Multi stream dataflow abstraction.
What is a distributed application?
- Can we define a distributed application as a set of dataflow streams each implementing a functionality being activated by a request, and triggering a response
- Can we do it with existing dataflow? Not really, because all the streams must be independent. All workers cannot share state because sharing state is dangerous due to how they are implemented
- Why are we different? We can have safe shared local state.
- We can have an application defined as a set of dataflow interacting with some local state
- Decompose the application in a set of streams, the streams can trigger other streams, the streams can interact with local shared state using safe primitives (our contribution)
- How can we generalize this? This could be seen as a noir extension, but noir atm does not have everything we need to do this.
- Assigned scheduling of operators (replicas to specific copy, declarative definition)
- True iterations (the iterations we have right now are a bit of a trick as they can only define full iterations over the dataset, we need the possibility to feedback items as we wish until convergence like timely)
- Request response, we need a reliable and well defined way to bring back a result from a streaming computation
- Generalize languages
- WASM functions where we have closures
- Using the boxed dyn api (pandas thesis) + declarative or programmatic interface we can define the structure and add the function with wasm (macro to compile directly maybe)
- Dynamic reconfiguration, this may be a bit tricky, but ideally the graph structure should be dynamically modifiable as to permit
- We also need a resolver for sure to handle the messaging correctly
- Request response through bidirectional streaming
- The request propagates information forward until the end of the computation (sink?) the sink can then initiate the inverse procedure by propagating back the result along the (same? how?) path to get the response to there it originated.
- This generalizes the dataflow to a structured actor network
- Allows recursive computation patterns when combined with iteration to convergence
- This could use the actor pattern of sending a request together with the return address
Key insight
We have actor models and dataflow frameworks.

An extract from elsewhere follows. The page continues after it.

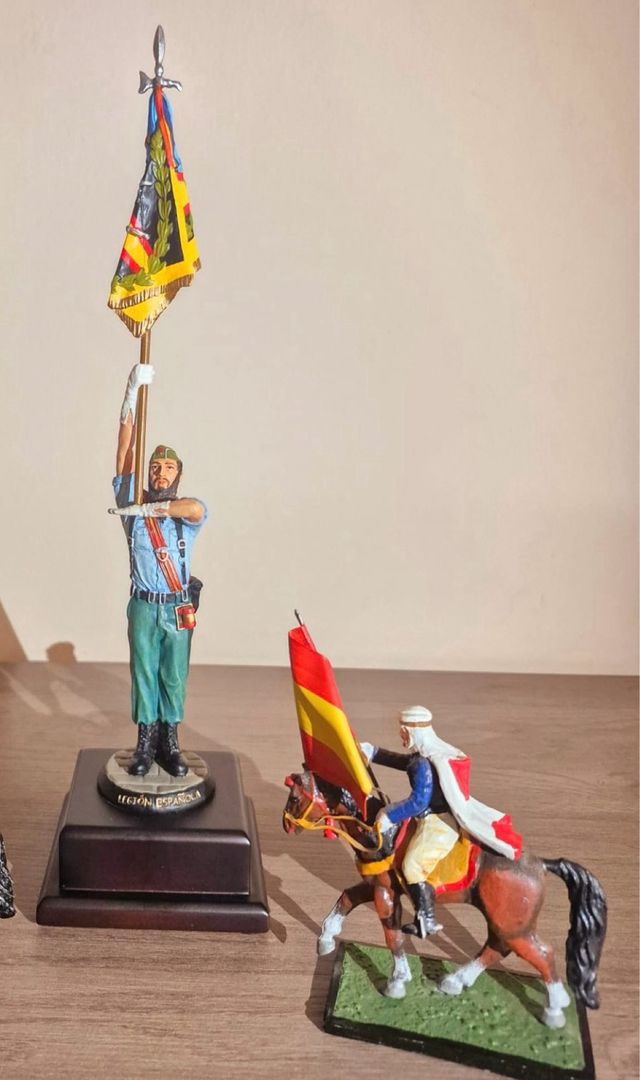 Figuras militares: Legión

One of the tenets of these systems is no shared state. The communications only happens through messages to avoid synchronization. We have a hybrid system, which has a synchronization through communication core, but that can use safe primitives for cooperation on the same host. If we embed state management in the system, and we partition the tasks such that conflicting interactions only happen through the communication synchronization (eg lock manager actor/stream) we can exploit the shared state for non-overlapping interactions or interactions with relaxed consistency requirements. We can generalize distributed application as a structured network of (~serverless) functions organized as multiple graphs of operators.